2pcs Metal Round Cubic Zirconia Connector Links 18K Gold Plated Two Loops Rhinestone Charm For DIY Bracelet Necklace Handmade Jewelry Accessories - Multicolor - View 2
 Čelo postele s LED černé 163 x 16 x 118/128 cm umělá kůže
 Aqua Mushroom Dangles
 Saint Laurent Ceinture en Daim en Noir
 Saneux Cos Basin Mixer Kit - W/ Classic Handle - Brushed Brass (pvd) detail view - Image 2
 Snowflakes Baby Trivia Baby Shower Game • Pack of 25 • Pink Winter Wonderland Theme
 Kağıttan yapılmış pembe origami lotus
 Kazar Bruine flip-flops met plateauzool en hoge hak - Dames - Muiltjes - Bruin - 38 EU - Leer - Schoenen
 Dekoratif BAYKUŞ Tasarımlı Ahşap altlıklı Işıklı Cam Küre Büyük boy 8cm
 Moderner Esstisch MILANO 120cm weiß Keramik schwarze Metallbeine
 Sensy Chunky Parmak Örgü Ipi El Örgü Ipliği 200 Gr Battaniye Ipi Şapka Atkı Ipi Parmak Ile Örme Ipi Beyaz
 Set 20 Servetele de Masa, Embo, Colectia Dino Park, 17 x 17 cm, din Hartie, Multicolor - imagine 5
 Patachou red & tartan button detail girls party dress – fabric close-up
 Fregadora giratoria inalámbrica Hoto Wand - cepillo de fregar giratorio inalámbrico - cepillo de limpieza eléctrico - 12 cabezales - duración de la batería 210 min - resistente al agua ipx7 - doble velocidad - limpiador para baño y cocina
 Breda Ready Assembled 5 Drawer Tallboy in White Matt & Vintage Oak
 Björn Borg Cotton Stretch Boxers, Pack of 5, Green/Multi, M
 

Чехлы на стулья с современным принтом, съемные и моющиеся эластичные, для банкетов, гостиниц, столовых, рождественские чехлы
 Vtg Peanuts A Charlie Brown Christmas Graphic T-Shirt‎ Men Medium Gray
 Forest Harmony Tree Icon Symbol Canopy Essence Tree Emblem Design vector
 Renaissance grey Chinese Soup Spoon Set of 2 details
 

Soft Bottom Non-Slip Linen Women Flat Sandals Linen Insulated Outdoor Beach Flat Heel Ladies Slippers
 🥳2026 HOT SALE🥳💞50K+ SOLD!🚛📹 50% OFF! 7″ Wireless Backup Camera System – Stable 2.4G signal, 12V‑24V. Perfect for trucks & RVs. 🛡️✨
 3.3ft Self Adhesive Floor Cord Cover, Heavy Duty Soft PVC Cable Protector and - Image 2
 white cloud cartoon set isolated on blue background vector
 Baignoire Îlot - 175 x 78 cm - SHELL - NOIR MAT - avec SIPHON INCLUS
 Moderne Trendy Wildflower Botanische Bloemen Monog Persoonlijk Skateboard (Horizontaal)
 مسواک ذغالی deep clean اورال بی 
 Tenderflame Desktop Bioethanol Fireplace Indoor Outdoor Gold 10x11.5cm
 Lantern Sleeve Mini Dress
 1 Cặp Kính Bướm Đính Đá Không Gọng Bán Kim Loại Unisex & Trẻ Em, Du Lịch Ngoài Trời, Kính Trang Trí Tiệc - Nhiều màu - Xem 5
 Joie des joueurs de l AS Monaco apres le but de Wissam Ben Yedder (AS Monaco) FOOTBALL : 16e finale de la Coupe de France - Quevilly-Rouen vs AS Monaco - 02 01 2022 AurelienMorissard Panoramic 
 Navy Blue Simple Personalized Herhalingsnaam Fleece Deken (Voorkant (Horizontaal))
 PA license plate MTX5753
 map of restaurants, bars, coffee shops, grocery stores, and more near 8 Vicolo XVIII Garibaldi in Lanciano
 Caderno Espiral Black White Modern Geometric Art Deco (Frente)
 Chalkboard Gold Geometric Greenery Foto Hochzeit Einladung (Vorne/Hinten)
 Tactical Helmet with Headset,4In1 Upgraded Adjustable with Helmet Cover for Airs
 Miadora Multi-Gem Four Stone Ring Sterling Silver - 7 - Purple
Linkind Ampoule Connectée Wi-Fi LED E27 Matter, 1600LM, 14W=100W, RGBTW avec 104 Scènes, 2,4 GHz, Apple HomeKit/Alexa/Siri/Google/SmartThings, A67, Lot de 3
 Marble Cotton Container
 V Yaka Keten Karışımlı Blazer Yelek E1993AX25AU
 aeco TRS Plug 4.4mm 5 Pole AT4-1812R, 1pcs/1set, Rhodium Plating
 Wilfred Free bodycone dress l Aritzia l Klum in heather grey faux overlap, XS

EXERCISE DIRECTIONS: Extract, from the material above, each line holding the word "Cover".

REPLY TO THE EXERCISE:
 3.3ft Self Adhesive Floor Cord Cover, Heavy Duty Soft PVC Cable Protector and - Image 2
 Tactical Helmet with Headset,4In1 Upgraded Adjustable with Helmet Cover for Airs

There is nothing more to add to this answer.